Restaurants: Berlin kommt auf den Geschmack

Drei deutsche Restaurants sind jetzt in den Drei-Sterne-Adel des Michelin erhoben worden. Auch der lange bestehende Vorbehalt gegen Berlin scheint jetzt gefallen zu sein.

Ist das das Ende der französischen Küche, wie wir sie kennen? Drei deutsche Restaurants sind jetzt in den Drei-Sterne-Adel des Michelin erhoben worden – und jedes von ihnen steht für eine andere Stilrichtung. Claus-Peter Lumpp (Bareiss, Baiersbronn) entspricht mit seiner perfektionierten Luxus-Bürgerküche noch am ehesten dem Klischee eines Michelin-Lieblingsrestaurants. Klaus Erfort (Gästehaus Erfort, Saarbrücken), der als Wohlfahrt-Schüler begann, flirtet zunehmend mit avantgardistischen Elementen – und Juan Amador (Amador, Langen), ein Schüler von Ferran Adria, ist der bekannteste deutsche Vertreter der spanischen Experimentierküche. Unfranzösischer geht es kaum.

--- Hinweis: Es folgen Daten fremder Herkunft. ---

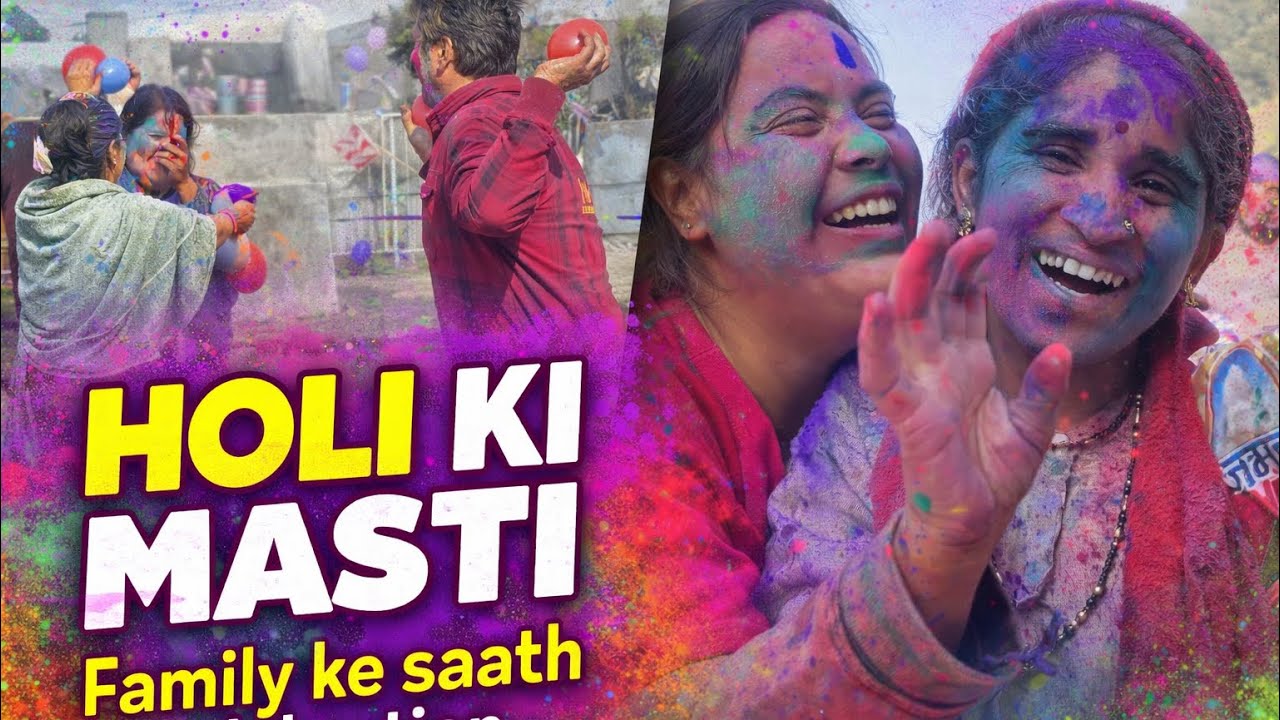 Family ke saath Holi ki full masti 🌈🥳||Holi vlog||Part-1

Noch vor wenigen Jahren lautete das Michelin-Dogma für Deutschland: Für einen Stern ist alles erlaubt, aber ab zweien muss es französisch zugehen. Doch das funktioniert nicht einmal mehr in Frankreich, wo sich die jungen Top-Köche längst an den weltweiten Trends orientieren; die Ära der Bocuse und Haeberlin ist auch dort zu Ende. Es scheint, dass die Chefredakteurin des deutschen Michelin, Juliane Caspar, die Abnabelung von Paris ebenso vollzogen hat wie ihre britischen und amerikanischen Kollegen, die frischen Wind von draußen hineinbrachten. Selbst das berühmte Drei-Sterne-Verleihungsritual – eine Abordnung aus Paris kommt zum Essen und Abnicken – scheint abgeschafft zu sein.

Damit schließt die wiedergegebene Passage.